**WORK INSTRUCTIONS**
Return all of the listing word for word; the pictures stay out.

**DATA BELOW**
────────────────
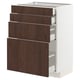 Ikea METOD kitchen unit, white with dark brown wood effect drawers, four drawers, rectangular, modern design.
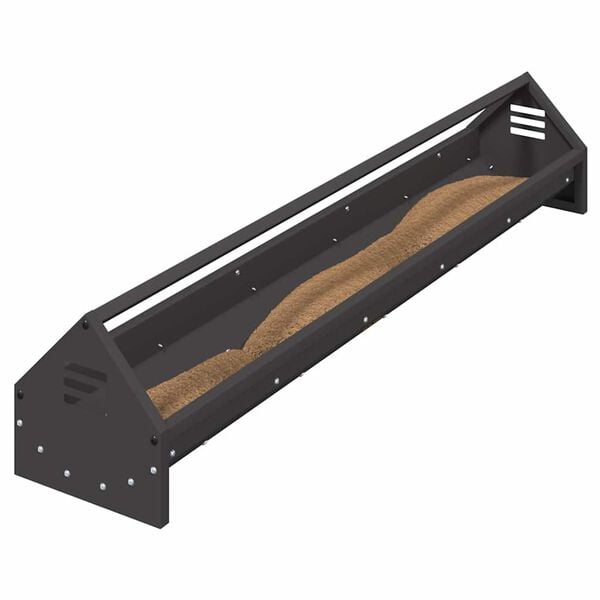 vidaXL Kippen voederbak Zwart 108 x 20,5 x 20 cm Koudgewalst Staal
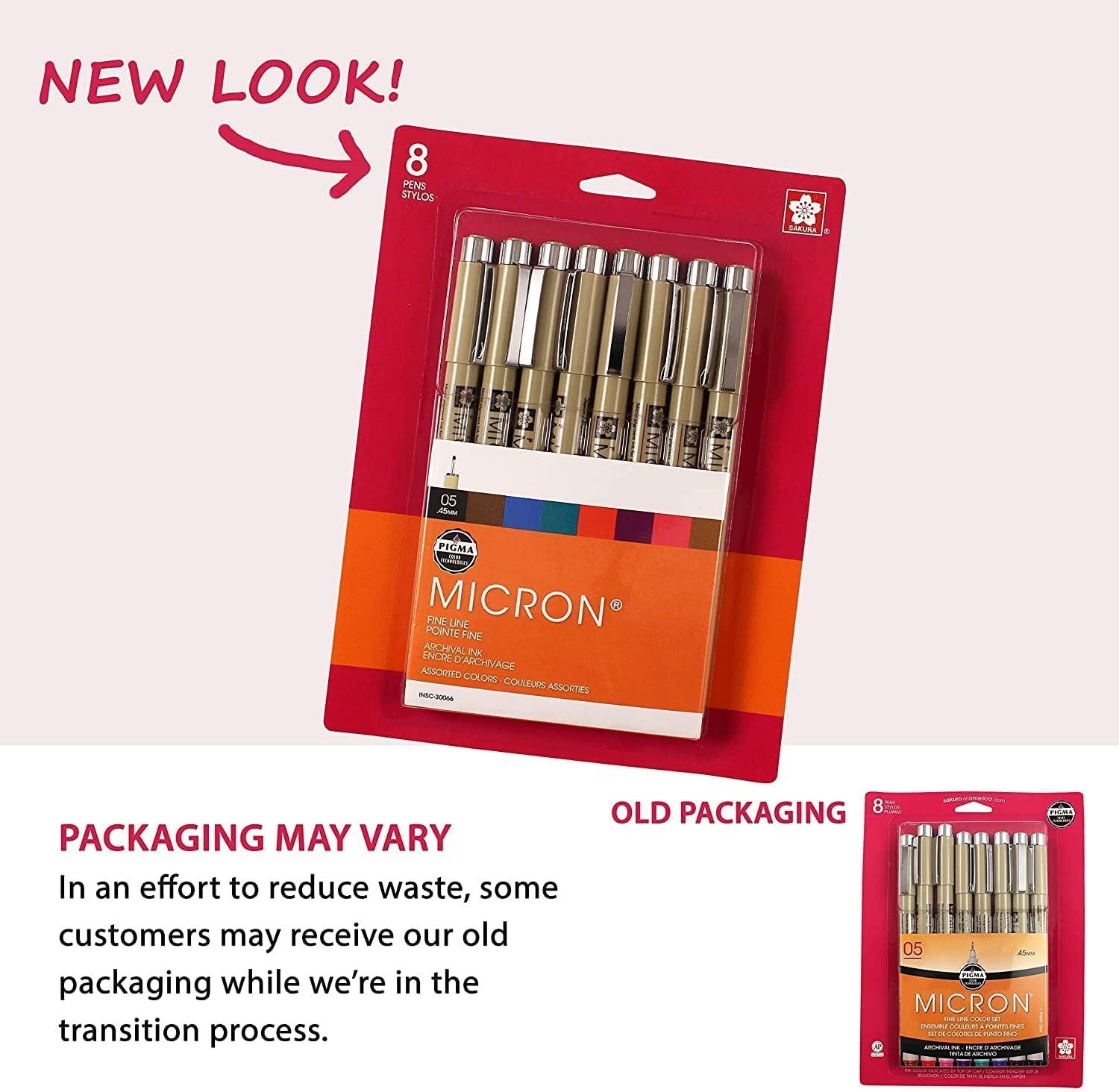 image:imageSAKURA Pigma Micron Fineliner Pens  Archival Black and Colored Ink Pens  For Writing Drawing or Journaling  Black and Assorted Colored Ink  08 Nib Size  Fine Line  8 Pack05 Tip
────────────────
**YOUR RESPONSE**
 Ikea METOD kitchen unit, white with dark brown wood effect drawers, four drawers, rectangular, modern design.
 vidaXL Kippen voederbak Zwart 108 x 20,5 x 20 cm Koudgewalst Staal
 image:imageSAKURA Pigma Micron Fineliner Pens  Archival Black and Colored Ink Pens  For Writing Drawing or Journaling  Black and Assorted Colored Ink  08 Nib Size  Fine Line  8 Pack05 Tip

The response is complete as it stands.